I'm not sure if she knows I have already tried pot, a drug that never really takes for me. I mean, why in the hell would I want a drug that makes me want to eat MORE? It is notoriously easy to get liquor in Texas. From fourteen on I can get double margaritas at Bennigan's without so much as a fake ID. And I am not one of those hard-bitten teens who look like adults. I look like a kid until I am deeply in my 20s. Like chicken.

Mom does know (and is furious) about my smoking, which I dabble with at a ridiculously early age, but don't fully embrace until I am older, like eleven or twelve. Another bad habit picked up from doing theatre and sleeping with adults.

Monday, April 03, 2006

Winnie Gets Hard

My brother is dead. But the Show Must Go On. Then Pooh shows his honey roll.

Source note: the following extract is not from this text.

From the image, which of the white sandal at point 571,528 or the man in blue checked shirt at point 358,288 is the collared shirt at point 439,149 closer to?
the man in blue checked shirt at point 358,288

When Gary dies, the Naked Dad's accusations are not the only ones ripping apart the family fabric, such as it is, a kind of Taffeta cum Denim cum Orlon.

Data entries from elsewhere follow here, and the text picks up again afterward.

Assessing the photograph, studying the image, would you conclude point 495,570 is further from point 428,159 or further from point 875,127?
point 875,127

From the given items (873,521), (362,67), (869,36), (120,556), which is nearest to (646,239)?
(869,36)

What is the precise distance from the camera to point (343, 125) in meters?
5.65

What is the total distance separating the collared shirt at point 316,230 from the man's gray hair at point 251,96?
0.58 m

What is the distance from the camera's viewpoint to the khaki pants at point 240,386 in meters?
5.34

My mother accuses me of not caring that Gary is dead, when, a year and a half later, I throw a tantrum over her refusal to allow me to take driving lessons - an entirely understandable reaction on her part given how Gary dies.

She says I have a cold, frozen heart.

The next morning, before leaving for work, she comes into my room and hugs me, tears in her eyes, saying she doesn't mean any of it. She loves me. She is genuinely sorry that she has said that to me, but I think at the time, deep down, she does mean it. And I think she is right. I do have a frozen heart. Later, long after his death, a deep well of pain and loneliness about losing Gary surfaces in me, but at the time on a surface level, I don't know how to feel anything about it. It isn't real. The generally accepted line of reasoning in my family, from all sides, is that I am selfish, completely wrapped up in my own accomplishments and exploits. They don't get it. It isn't selfishness. I am a fortress.

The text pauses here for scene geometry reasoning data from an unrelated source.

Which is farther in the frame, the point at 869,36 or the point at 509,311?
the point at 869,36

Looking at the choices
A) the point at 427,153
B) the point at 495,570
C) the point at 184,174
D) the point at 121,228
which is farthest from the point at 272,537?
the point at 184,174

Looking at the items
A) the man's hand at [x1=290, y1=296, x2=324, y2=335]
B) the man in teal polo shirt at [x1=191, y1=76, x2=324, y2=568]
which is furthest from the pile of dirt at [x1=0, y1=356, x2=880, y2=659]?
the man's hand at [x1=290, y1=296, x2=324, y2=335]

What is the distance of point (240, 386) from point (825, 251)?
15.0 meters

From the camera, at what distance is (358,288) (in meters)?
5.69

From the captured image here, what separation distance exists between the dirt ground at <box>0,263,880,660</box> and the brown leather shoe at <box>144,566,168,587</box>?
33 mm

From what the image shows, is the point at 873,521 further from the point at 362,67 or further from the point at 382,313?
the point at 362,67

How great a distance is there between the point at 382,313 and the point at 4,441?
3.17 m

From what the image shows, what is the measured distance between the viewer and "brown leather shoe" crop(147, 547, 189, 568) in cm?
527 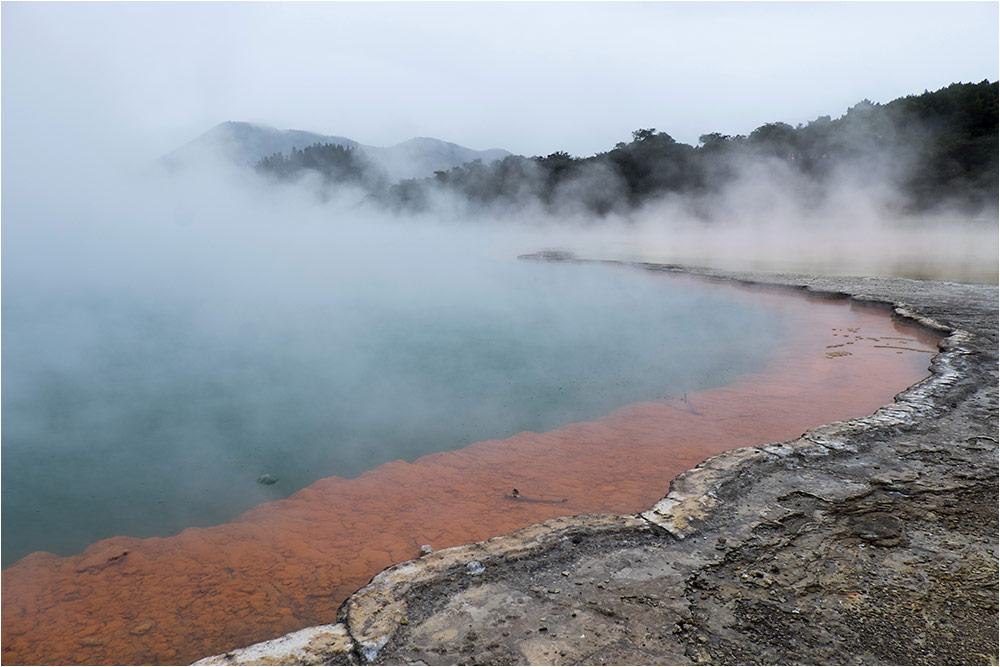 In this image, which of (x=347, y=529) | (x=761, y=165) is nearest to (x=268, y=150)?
(x=761, y=165)

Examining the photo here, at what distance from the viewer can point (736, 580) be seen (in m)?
1.80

My grandmother, Beelzebubbe nee Buddie, makes the most far-reaching accusation. She blames God and the entire universe for taking away everyone in her life that she ever loves. Gary is her favorite. I am the understudy, but I am happy to have the chance to play the lead. That is when I become her favorite.

Gary's death dovetails nicely with my ongoing creation of self. I already make shameless use of my violent and strange upbringing. Now I can claim the martyrdom of a tragic figure. It is a badge of honor. It makes me special. I see it as a life-altering event that will grow into being part of my legacy and legend. Even when bad things happen, especially so, the power of self-invention and transformation prevails. I will not feel his death. I will not feel my disconnection. I will not feel love. I will teach myself to throw away happiness with both hands should it ever have the temerity to approach.

Since "Winnie the Pooh" opens so soon after Gary's death, it becomes important to everyone in the extended mess we call a family to attend in a gesture of togetherness. The effort touches me. It does. The problem is I know the show sucks and I am deeply embarrassed that some of them will be seeing me perform for the first time in it. I am right to worry. When I leave for New York three years later my uncle who with his wife sort of helps me make the move, is brutally honest about believing my chances of making it as an actor are negligible, citing the unimpressive "Winnie the Pooh."

Maybe his assessment of my comedic abilities would be more positive if time is turned back and he can see the memorable night when Pooh has a hard-on. One of the adult stagehands strokes me before I go on. I am not wearing a dance belt.

The audience who sees it falls out of their chairs laughing.